*** Opening of Input records ***

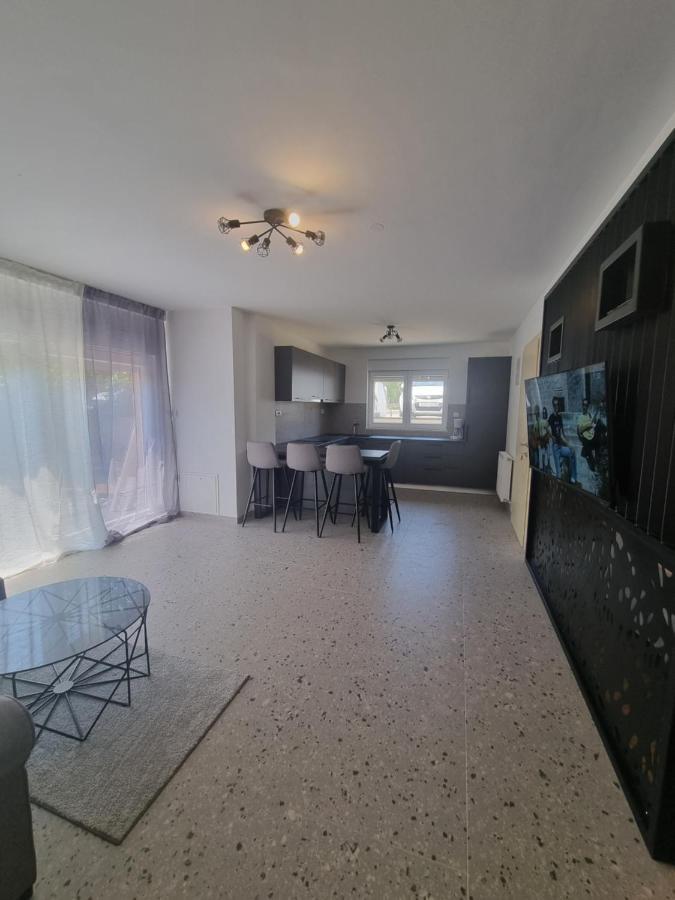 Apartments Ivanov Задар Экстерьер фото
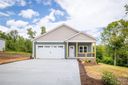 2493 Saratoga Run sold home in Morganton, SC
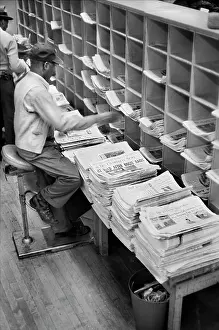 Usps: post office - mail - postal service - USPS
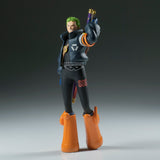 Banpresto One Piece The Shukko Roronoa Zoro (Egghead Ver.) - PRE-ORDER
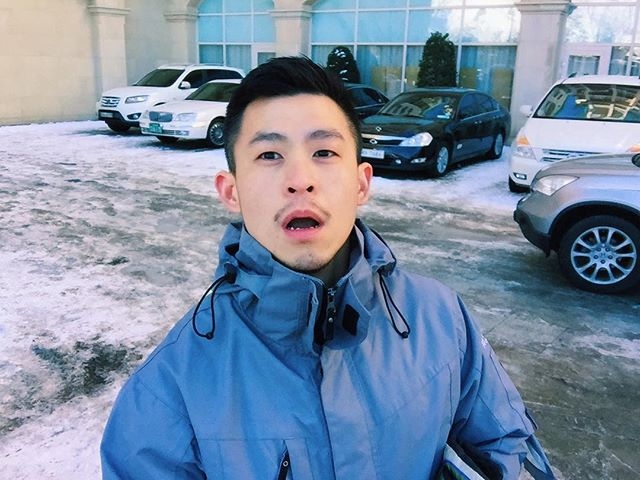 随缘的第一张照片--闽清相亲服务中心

*** Close of Input records ***
*** Opening of Input records ***

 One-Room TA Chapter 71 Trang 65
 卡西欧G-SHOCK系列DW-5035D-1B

*** Close of Input records ***
*** Opening of Input records ***

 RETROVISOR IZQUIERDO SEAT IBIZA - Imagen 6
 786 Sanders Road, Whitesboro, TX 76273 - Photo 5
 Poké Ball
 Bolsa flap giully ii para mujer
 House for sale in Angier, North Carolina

*** Close of Input records ***

The answer is those lines of the material above that run from the one containing "Apartments Ivanov Задар Экстерьер фото" up to and including the one containing "随缘的第一张照片--闽清相亲服务中心", restated exactly and without images.

- Written reply
 Apartments Ivanov Задар Экстерьер фото
 2493 Saratoga Run sold home in Morganton, SC
 Usps: post office - mail - postal service - USPS
 Banpresto One Piece The Shukko Roronoa Zoro (Egghead Ver.) - PRE-ORDER
 随缘的第一张照片--闽清相亲服务中心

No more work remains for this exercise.